• Task directions:
Using the entries that follow, transcribe only the lines from the line with "Landskap Med Fiskare" to the line with "2025 Fairy Slippers, Beautiful", both included, exactly as they stand and without pictures.

• Record excerpts:

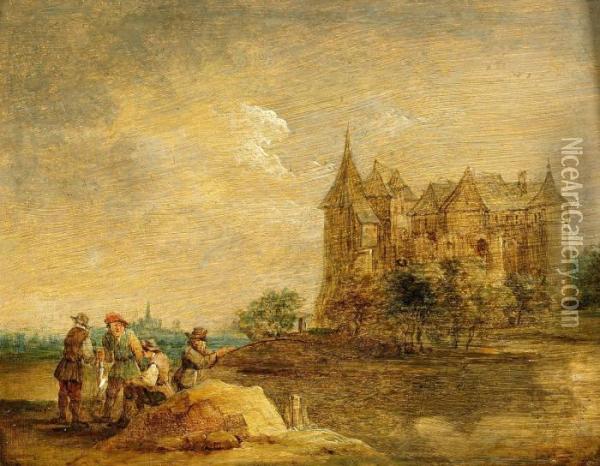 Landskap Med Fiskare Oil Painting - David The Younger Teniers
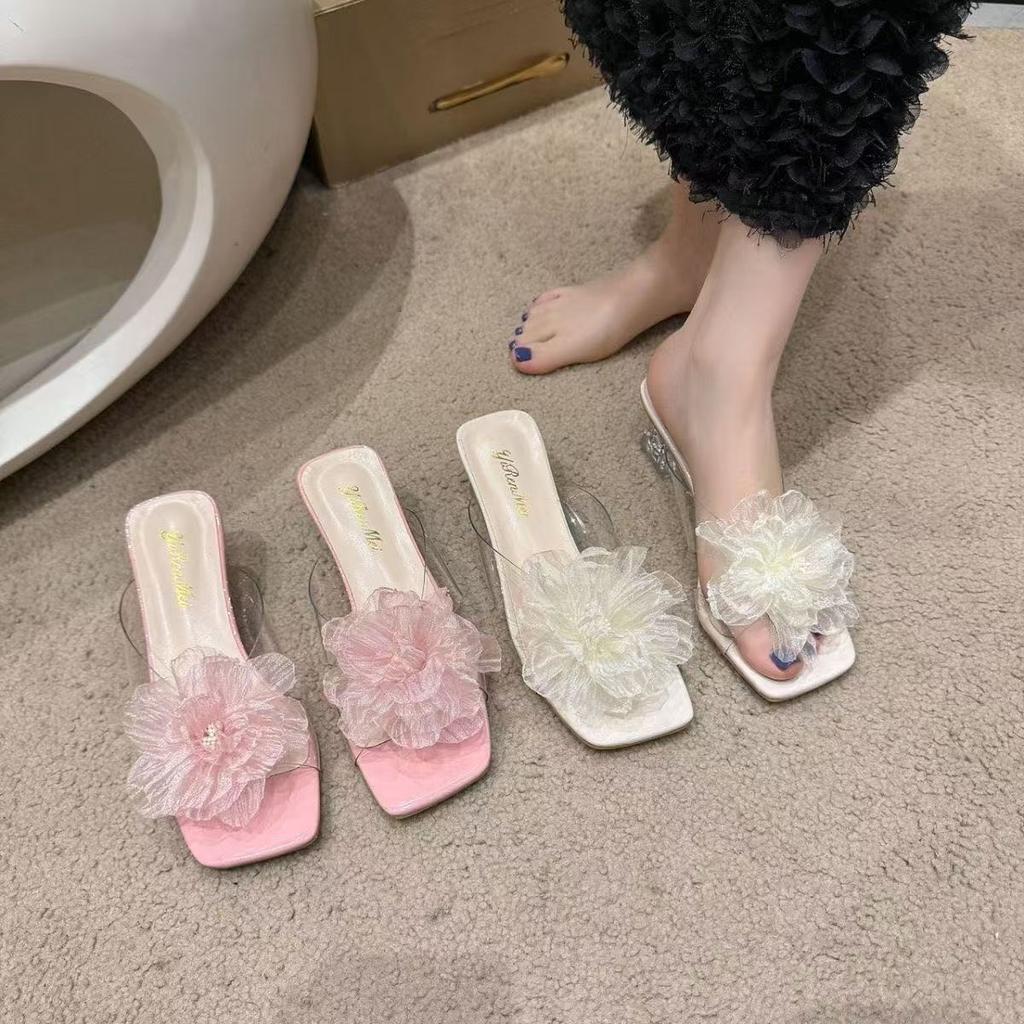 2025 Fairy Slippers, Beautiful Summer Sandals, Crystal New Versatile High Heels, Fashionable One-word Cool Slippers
---
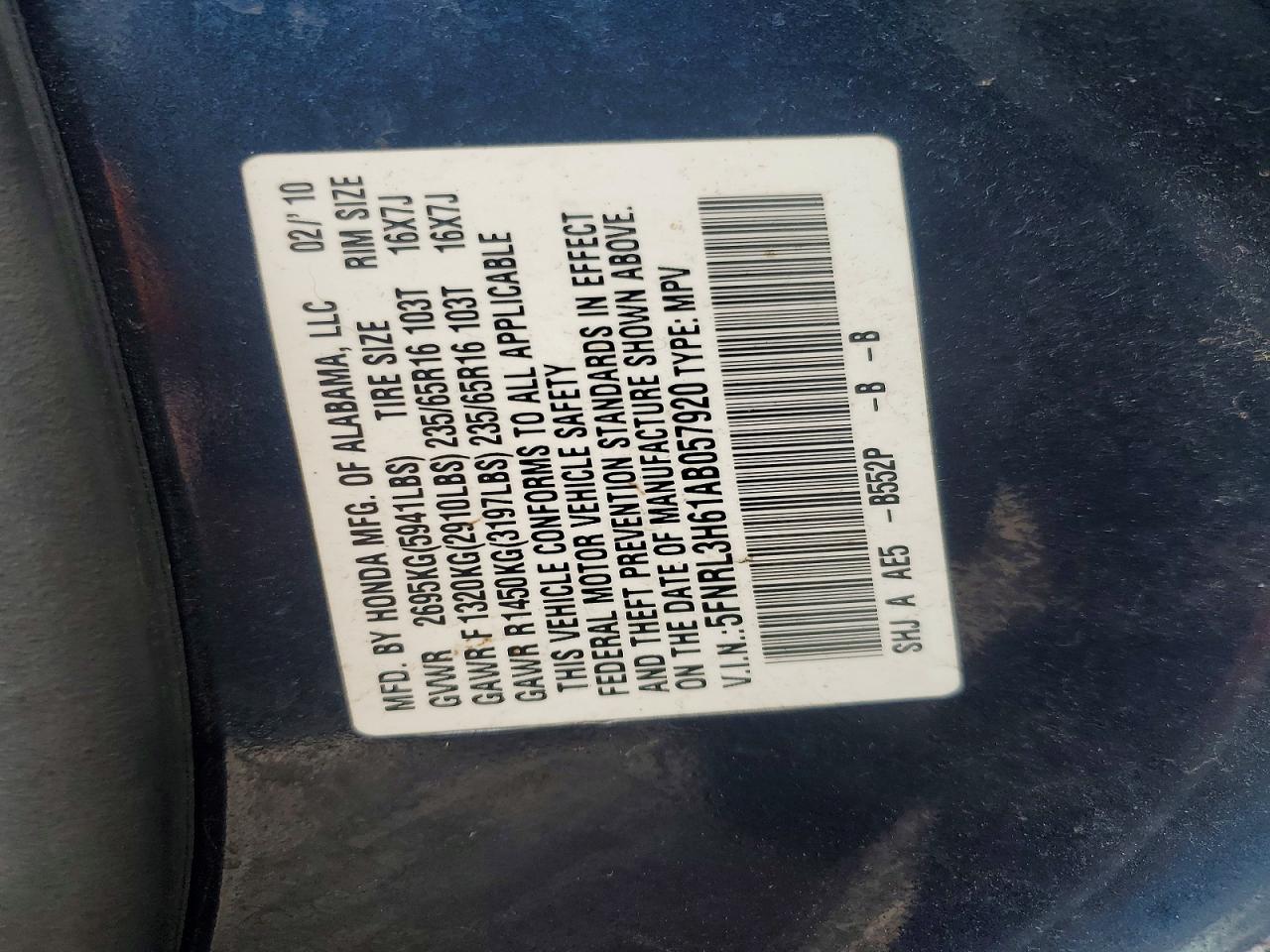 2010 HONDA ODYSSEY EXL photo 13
* * *
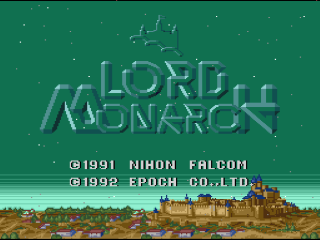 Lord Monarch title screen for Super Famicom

• Your response:
 Landskap Med Fiskare Oil Painting - David The Younger Teniers
 2025 Fairy Slippers, Beautiful Summer Sandals, Crystal New Versatile High Heels, Fashionable One-word Cool Slippers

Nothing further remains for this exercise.